Saturday, April 29, 2017

ShadowBrokers Leak: A Machine Learning Approach

During the past few weeks I read a lot of great papers, blog posts and full magazine articles on the ShadowBrokers Leak (free public repositories: here and here) released by WikiLeaks Vault7.  Many of them described the amazing power of such a tools (by the way they are currently used by hackers to exploit systems without MS17-010 patch) other made a great reverse engineering adventures on some of the most used payloads and other again described what is going to happen in the next feature.

So you probably are wandering why am I writing on this discussed topic again? Well, I did not find anyone who decided to extract features on such tools in order to correlate them with notorious payloads and malware. According to my previous blog post  Malware Training Sets: A machine learning dataset for everyone I decided to "refill" my public gitHub repository with more analyses on that topic.

If you are not familiar with this leak you probably want to know that Equation Group's (attributed to NSA) built FuzzBunch software, an exploitation framework similar to Metasploit. The framework uses several remote exploits for Windows such as: EternalBlue, EternalRomance, Eternal Synergy, etc.. which calls external payloads as well, one of the most famous - as today- is DoublePulsar mainly used in SMB and RDP exploits. The system works straight forward by performing the following steps: 

  • STEP1: Eternalblue launching platform with configuration file (xml in the image) and target ip.

Eternalblue working

  • STEP2: DoublePulsar and additional payloads. Once the Eternablue successfully exploited Windows (in my case it was a Windows 7 SP1) it installs DoublePulsar which could be used as a professional PenTester would use Meterpreter/Empire/Beacon backdoors.  

DoublePulsar usage
  • STEP3: DanderSpritz. A Command and Control Manager to manage multiple implants. It could acts as a C&C Listener or it might be used to directly connect to targets as well.

DanderSpritz


Following the same process described here (and described in the following image) I generated features file for each of the aforementioned Equation Group tools. The process involved files detonation into multiple sandboxes performing both: dynamic analysis and static analysis as well. The analyses results get translated into MIST format and later saved into json files for convenience.

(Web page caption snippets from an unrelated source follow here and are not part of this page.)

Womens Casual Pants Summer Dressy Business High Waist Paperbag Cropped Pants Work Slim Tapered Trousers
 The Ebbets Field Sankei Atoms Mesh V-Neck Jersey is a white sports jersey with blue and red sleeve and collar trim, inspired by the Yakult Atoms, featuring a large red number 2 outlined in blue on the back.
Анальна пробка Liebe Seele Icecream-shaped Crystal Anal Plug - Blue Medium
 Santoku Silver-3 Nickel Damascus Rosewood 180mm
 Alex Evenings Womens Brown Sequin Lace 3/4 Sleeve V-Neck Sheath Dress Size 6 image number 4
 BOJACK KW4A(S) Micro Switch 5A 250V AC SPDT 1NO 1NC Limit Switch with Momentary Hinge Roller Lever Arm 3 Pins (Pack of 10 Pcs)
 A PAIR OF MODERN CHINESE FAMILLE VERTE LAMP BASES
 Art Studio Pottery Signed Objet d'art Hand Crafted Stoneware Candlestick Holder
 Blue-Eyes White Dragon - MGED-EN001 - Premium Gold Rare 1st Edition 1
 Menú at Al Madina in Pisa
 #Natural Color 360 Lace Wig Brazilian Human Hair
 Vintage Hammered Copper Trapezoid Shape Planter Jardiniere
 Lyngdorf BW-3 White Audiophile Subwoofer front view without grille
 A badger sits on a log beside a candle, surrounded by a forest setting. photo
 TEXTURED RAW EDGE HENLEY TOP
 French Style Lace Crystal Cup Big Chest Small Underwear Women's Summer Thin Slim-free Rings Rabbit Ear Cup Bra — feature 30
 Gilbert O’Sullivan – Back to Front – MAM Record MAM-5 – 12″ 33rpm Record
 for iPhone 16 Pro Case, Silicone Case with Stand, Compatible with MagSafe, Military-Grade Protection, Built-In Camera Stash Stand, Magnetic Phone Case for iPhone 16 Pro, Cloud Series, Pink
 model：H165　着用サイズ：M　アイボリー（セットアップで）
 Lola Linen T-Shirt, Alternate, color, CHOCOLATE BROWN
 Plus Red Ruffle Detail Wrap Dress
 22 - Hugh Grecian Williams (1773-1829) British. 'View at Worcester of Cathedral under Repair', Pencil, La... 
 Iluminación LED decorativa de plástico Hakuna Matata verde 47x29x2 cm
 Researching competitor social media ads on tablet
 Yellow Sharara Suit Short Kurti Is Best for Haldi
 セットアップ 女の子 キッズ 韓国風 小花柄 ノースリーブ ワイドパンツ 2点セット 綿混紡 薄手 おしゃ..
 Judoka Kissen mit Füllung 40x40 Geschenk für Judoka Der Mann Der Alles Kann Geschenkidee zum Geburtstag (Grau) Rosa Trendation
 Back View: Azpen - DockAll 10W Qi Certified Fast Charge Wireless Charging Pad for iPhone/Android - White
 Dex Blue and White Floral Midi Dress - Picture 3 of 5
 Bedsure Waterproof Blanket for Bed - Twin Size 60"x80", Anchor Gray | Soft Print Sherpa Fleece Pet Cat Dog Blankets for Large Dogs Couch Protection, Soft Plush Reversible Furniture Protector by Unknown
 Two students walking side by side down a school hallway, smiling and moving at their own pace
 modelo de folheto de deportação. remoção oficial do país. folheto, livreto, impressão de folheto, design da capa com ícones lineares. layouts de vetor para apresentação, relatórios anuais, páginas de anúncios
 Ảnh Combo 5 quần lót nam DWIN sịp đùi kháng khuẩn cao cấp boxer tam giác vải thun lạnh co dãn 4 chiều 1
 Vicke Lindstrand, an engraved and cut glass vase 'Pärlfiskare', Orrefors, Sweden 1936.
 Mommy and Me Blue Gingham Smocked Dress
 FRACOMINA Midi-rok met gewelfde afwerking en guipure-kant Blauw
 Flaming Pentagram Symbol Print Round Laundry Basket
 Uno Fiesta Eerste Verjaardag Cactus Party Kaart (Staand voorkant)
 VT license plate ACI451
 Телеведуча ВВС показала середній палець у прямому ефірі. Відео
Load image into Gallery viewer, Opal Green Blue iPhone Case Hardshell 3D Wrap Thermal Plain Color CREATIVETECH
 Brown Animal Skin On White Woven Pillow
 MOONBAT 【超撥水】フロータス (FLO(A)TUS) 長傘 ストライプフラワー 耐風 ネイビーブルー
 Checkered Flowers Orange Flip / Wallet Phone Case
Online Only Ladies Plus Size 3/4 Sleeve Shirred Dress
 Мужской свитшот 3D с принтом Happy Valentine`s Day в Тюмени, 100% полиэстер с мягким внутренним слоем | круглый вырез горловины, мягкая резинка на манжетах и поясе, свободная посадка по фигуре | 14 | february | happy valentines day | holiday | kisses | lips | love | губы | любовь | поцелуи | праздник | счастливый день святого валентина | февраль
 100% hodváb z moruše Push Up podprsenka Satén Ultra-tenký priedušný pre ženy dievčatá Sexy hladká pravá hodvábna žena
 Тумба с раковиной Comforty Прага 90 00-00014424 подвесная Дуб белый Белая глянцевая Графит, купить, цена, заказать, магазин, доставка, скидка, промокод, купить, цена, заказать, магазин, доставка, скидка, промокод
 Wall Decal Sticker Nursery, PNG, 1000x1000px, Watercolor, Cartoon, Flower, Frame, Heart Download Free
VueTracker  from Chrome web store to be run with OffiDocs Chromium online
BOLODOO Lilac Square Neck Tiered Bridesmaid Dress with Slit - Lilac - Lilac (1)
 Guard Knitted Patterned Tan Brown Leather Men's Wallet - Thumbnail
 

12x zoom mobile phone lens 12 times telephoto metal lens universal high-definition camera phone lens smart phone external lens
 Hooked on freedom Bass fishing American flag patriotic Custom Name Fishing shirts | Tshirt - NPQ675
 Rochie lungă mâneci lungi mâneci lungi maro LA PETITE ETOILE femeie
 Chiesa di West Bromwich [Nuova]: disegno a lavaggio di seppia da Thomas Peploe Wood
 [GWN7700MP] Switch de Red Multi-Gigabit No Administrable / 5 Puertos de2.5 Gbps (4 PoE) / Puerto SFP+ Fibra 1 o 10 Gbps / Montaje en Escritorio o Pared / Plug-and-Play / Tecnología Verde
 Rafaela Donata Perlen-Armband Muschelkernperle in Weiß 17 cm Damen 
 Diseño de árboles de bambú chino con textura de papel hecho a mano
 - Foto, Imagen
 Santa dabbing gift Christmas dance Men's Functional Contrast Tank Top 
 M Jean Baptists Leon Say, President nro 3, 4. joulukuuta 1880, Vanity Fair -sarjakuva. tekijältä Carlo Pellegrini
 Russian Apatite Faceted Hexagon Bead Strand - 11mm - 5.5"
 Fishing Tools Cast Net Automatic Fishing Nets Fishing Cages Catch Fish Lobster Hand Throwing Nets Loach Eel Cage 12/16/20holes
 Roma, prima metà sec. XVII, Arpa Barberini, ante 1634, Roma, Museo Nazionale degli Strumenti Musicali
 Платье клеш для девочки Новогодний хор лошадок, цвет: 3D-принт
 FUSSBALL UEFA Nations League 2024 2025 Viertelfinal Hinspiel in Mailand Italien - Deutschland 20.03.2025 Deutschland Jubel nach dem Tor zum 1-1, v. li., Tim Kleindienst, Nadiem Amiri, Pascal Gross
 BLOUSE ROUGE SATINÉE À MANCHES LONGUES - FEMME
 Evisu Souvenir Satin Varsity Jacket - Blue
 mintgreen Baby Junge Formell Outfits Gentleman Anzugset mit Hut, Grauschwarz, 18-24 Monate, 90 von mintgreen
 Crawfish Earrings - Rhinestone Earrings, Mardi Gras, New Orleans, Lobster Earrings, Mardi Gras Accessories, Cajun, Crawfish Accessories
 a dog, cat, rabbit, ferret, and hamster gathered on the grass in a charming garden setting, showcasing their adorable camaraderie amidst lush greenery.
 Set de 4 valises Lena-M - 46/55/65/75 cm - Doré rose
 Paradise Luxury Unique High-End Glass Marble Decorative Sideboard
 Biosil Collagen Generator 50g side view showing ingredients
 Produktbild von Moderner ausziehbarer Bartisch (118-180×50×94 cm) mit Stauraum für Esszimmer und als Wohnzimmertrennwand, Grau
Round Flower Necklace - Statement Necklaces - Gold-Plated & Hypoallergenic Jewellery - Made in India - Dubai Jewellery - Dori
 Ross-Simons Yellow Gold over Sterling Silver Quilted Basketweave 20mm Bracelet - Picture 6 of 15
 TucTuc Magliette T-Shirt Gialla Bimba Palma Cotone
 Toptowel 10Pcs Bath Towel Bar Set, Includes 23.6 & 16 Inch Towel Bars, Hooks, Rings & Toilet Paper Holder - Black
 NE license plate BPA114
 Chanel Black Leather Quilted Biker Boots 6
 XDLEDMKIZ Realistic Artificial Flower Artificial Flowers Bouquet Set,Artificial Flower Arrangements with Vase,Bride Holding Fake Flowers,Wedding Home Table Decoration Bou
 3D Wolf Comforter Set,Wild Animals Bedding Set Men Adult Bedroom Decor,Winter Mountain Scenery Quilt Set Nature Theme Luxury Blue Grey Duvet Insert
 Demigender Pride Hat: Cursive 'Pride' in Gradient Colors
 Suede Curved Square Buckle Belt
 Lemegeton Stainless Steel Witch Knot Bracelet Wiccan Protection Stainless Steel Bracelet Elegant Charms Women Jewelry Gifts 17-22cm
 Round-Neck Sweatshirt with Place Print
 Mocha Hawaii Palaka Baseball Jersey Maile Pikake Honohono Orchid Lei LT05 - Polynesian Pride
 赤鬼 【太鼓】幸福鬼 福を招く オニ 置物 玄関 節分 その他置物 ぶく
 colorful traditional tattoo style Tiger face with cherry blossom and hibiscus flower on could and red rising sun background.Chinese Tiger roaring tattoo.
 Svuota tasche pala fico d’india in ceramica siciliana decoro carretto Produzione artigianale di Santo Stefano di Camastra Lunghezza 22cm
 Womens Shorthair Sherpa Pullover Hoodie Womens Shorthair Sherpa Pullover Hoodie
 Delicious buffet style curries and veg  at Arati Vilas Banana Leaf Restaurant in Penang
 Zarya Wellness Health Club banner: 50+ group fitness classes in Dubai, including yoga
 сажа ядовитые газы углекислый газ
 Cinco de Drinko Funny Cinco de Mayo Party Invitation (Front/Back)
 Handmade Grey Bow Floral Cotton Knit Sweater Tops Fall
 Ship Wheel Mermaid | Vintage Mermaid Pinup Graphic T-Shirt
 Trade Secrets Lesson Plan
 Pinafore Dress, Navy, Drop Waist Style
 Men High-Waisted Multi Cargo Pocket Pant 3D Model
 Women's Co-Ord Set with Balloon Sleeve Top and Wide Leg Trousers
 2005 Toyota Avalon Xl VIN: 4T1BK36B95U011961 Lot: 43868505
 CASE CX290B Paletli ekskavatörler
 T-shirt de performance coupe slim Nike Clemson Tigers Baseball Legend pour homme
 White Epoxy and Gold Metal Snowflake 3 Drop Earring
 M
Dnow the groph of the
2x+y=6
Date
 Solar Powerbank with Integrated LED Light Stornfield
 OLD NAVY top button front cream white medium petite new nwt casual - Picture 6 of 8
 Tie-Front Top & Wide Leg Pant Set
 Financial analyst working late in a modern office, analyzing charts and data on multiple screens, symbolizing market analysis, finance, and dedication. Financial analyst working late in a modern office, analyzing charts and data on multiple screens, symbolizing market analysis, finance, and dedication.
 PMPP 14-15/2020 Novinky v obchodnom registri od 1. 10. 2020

In order to compare previous generated results (aka notorious Malware available here) to the last leak by figuring out if Equation Group is also imputable to have built known Malware (included into the repository), you might decide to use one of the several Machine Learning frameworks available out there. WEKA (developed by University of Waikato) is a romantic Data Mining tool which implements several algorithms and compare them together in order to find the best fit to the data set. Since I am looking for the "best" algorithm to apply production Machine Learning to such dataset I decided to go with  WEKA. It implements several algorithms "ready to go" and it performs auto performance analyses in oder to figure out what algorithm is "best in my case". However WEKA needs a specific format which happens to be called ARFF (described here). I do have a JSON representation of MIST file. I've tried several time to import my MIST JSON file into WEKA but with no luck. So I decided to write a quick and dirty conversion tool really *not performant* and really *not usable in production environment* which converts MIST (JSONized) format into ARFF format. The following script does this job assuming the MIST JSONized content loaded into a mongodb server. NOTE: the script is ugly and written just to make it works, no input controls, no variable controls, a very quick naive and trivial o(m*n^2) loop is implemented. 

From MIST to ARFF

The resulting file MK.arff is a 1.2GB of pure text ready to be analyzed through WEKA or any other Machine Learning tools using the standard ARFF file format. The script is going available here. I am not going to comment nor to describe the results sets, since I wont to reach "governative dangerous conclusions" in my public blog. If you read that blog post to here you should have all the processes, the right data and the desired tools to be able to perform analyses by your own. Following some short inconclusive results with no associated comments.

TEST 1:
Algorithm: Simple K-Mins
Number of clusters: 95 (We know it, since the data is classified)
Seed: 18 (just random choice)
Distance Function: EuclideanDistance, Normalized and Not inverted.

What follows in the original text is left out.